Jihadist dress code used by CNN
Steven Sahiounie, Middle East observer
Senior international correspondents for CNN, Arwa Damon, and Clarissa Ward have both been inside the territory in Syria under the occupation of terrorists, such as Al Qaeda following Radical Islam, which is a political ideology and is not a religion or sect. Damon and Ward dress-up for their part in the drama, and choose to wear headscarves and clothing which are the fashion statement of Radical Islam. Dressing up like the terrorists are not required, and can only mean they do this costuming to move the audience of CNN into accepting Radical Islam as ‘normal’. Syria does not have a dress code for women, it is a free country. Their costuming is not about blending-in, or being accepted by the group they are with, but about legitimizing it.
Damon and Ward illegally enter Syria from Turkey, and they have placed their safety in the hands of terrorists who have beheaded young children, and have caged women like circus animals, parading them before executing them. Unlike their fellow CNN journalist, Fred Pleitgen, the two females have not entered Syria legally as journalists, and with a VISA for entering a foreign country. Fred Pleitgen has been in Syria numerous times and in the hot-spots of East Aleppo as well, but he refuses to enter illegally as the guest of a Jihadist group. His name and reputation as a journalist, un-beholding to Islamist groups, is his professional calling card.
Syria is a secular form of government and has been for over 40 years. While Syria has a majority of Sunni Muslims, they also have a large Christian population, which dates from the days of Christ. If the global typical outfit is jeans and a T-shirt, then Syria is quite typically dressed. The black head to floor outfit that Clarissa Ward wears is not the typical Syrian woman’s outfit. Clarissa is modeling a style that is worn by Radical Islam and not mainstream Syrian society.
Syria is not Saudi Arabia. While you may find historical and cultural ties in Saudi Arabia to the conservative dress of females, you will not find the same in Syria. Thirty years ago in Syria, most women wore clothes which you could have bought in London or Paris. Beginning in the 1960s, Saudi Arabia began exporting Radical Islam which affected Syria as well as the USA, Europe, Africa, and Asia. Through missionary clerics in Islamic centers founded by the Kingdom in major cities around the world, this creeping dress-code of headscarves and long robes for women made their debut. Notice that men would not be affected, they could continue to wear the same clothes, but this oppressive and discriminatory dress-code was targeting women only. 30 years ago there was not one store located in Latakia, Syria which sold the long military-style trench coat for women, or any store selling headscarves for Islamic purposes. The scarves sold 30 years ago were imported mainly from Italy, and were a fashion accessory for women, who tied them around their throat in the Western-style. The Syrian women wearing headscarves long ago were mainly elderly women from rural communities wearing a white cotton scarf.
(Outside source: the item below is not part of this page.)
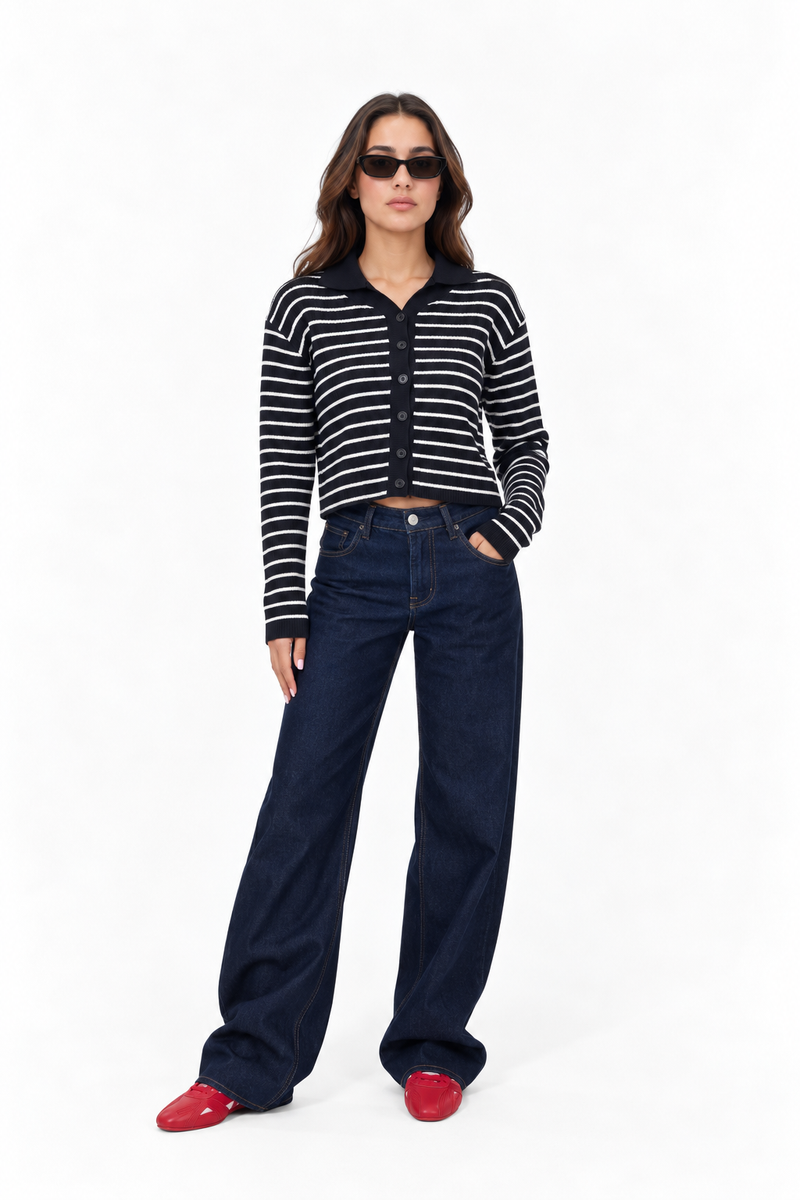 KNIT STRIPED CARDIGAN 13382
Syria and Egypt share some political and cultural ties. President Gamal Abdul Nasser once warned Egyptians that the Muslim Brotherhood wanted Egyptian women to wear a headscarf, and his warning was met with uproarious laughter. One only has to look at the film archives of the Egyptian audience of the singer Oum Kalthoum to see no Egyptian women were wearing a scarf.
Arwa Damon posted on her Twitter page, an opinion piece from Washington Post, penned by two Muslim women who write, “Do not wear a headscarf in “solidarity” with the ideology that most silences us, equating our bodies with “honor.” Stand with us instead with moral courage against the ideology of Islamism that demands we cover our hair.” The pair explains that the Koran does not ask for a hijab (headscarf), and American women who wear the scarf to support Muslim women are supporting the subjugation of women forced to wear a hijab because a male cleric dictates it.
Clarissa Ward worked in partnership with Bilal Abdul Kareem in the making of the documentary “Undercover in Syria”. Kareem is an American member of Al Qaeda in Syria and their media representative. Ward has insisted she is giving voice to the Syrian people, but she has never once spoken with any of the 18 million Syrians living under government control who are the targets of the ‘rebels’ that Ward and Damon portray as heroes.